WHAT TO DO:
Please reproduce the data exactly, though every picture must stay out.

COLLECTED MATERIAL:
★ ★ ★ ★
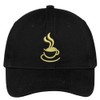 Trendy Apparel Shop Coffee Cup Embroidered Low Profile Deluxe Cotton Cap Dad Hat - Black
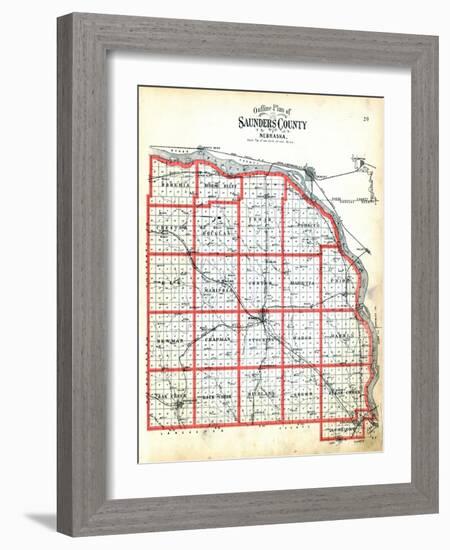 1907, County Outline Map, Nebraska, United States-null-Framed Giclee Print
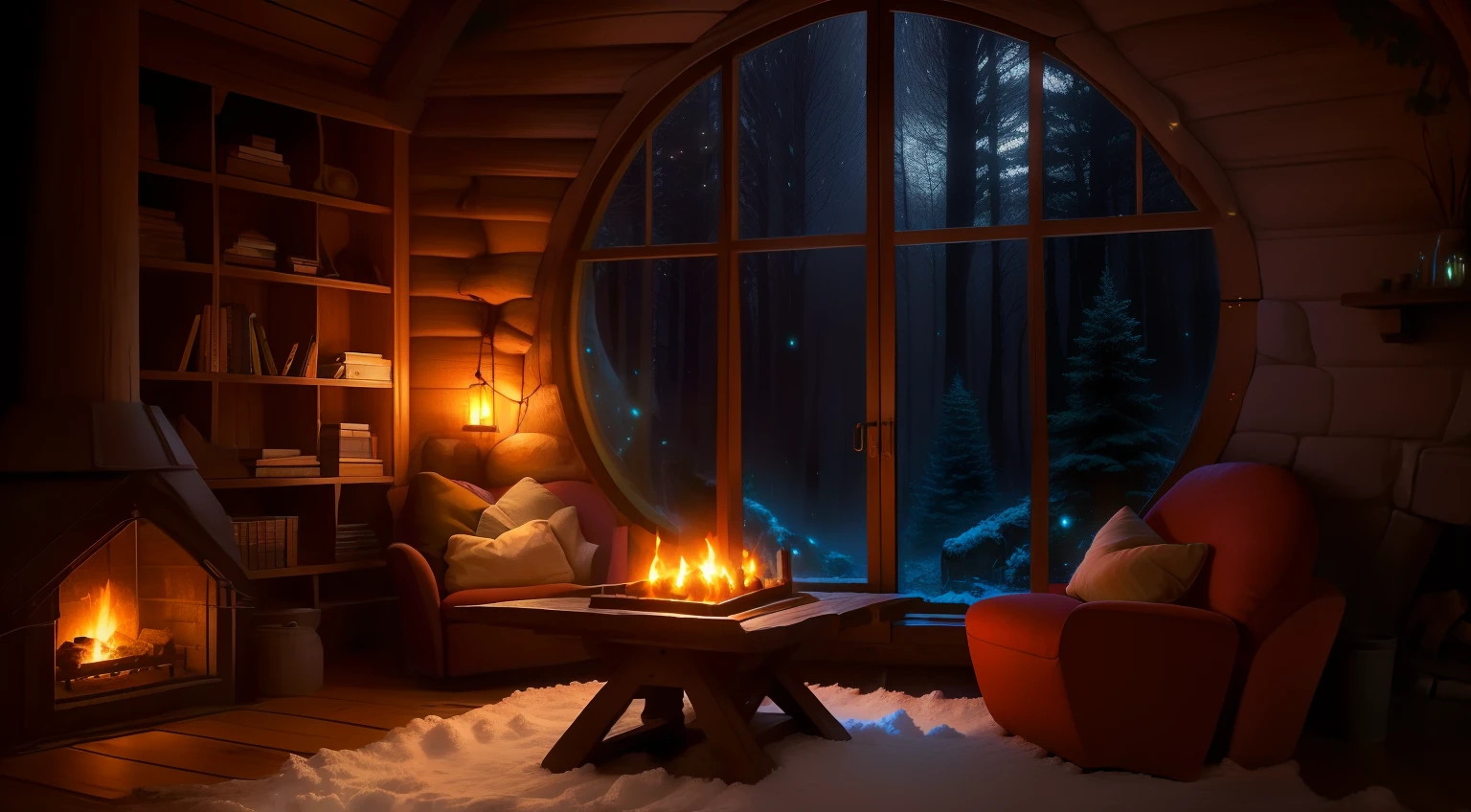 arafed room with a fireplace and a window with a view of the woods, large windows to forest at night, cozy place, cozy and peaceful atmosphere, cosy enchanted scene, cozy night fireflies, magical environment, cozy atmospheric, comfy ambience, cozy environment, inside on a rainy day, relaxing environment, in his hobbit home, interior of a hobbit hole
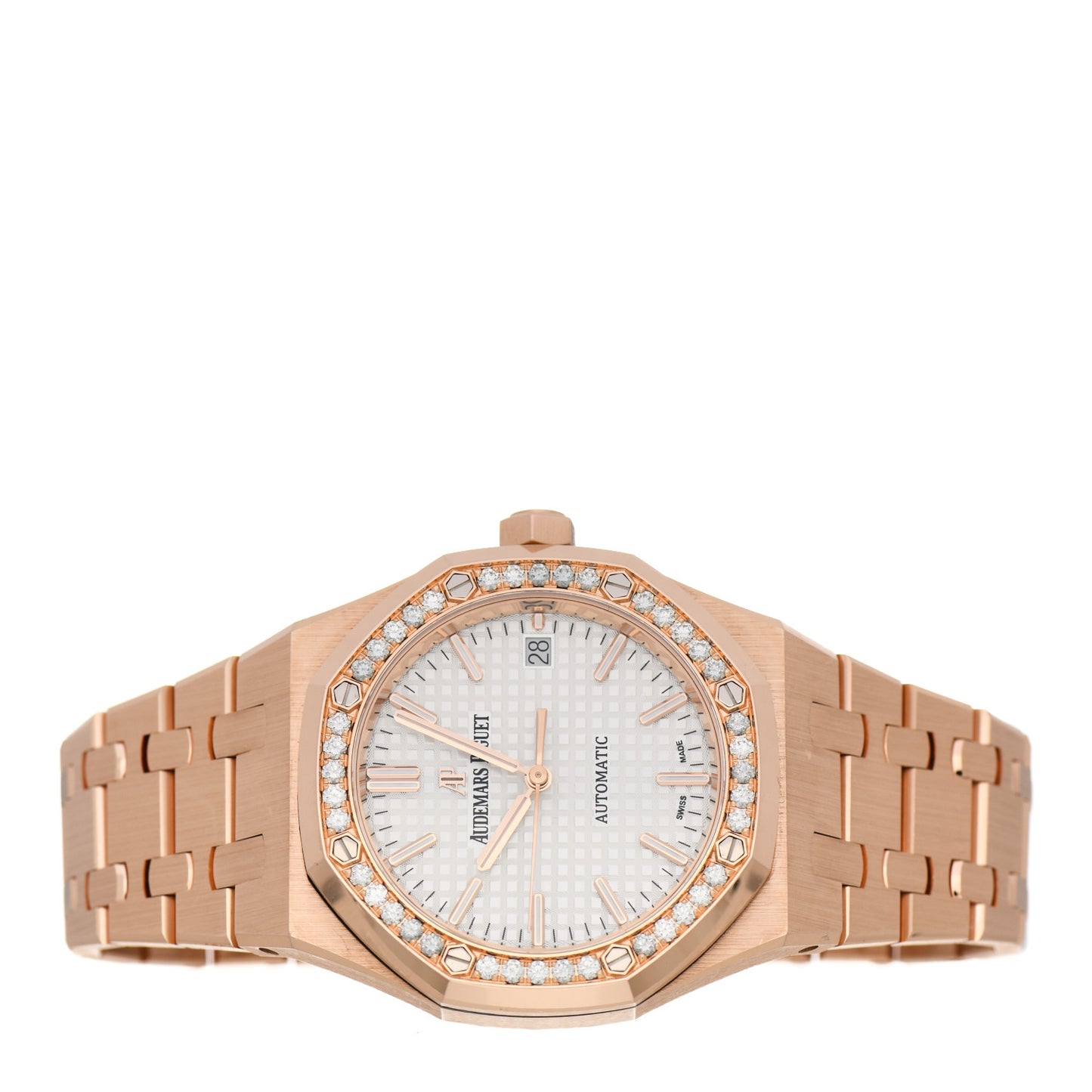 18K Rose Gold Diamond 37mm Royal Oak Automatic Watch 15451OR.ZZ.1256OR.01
★ ★ ★ ★
WRITTEN ANSWER:
 Trendy Apparel Shop Coffee Cup Embroidered Low Profile Deluxe Cotton Cap Dad Hat - Black
 1907, County Outline Map, Nebraska, United States-null-Framed Giclee Print
 arafed room with a fireplace and a window with a view of the woods, large windows to forest at night, cozy place, cozy and peaceful atmosphere, cosy enchanted scene, cozy night fireflies, magical environment, cozy atmospheric, comfy ambience, cozy environment, inside on a rainy day, relaxing environment, in his hobbit home, interior of a hobbit hole
 18K Rose Gold Diamond 37mm Royal Oak Automatic Watch 15451OR.ZZ.1256OR.01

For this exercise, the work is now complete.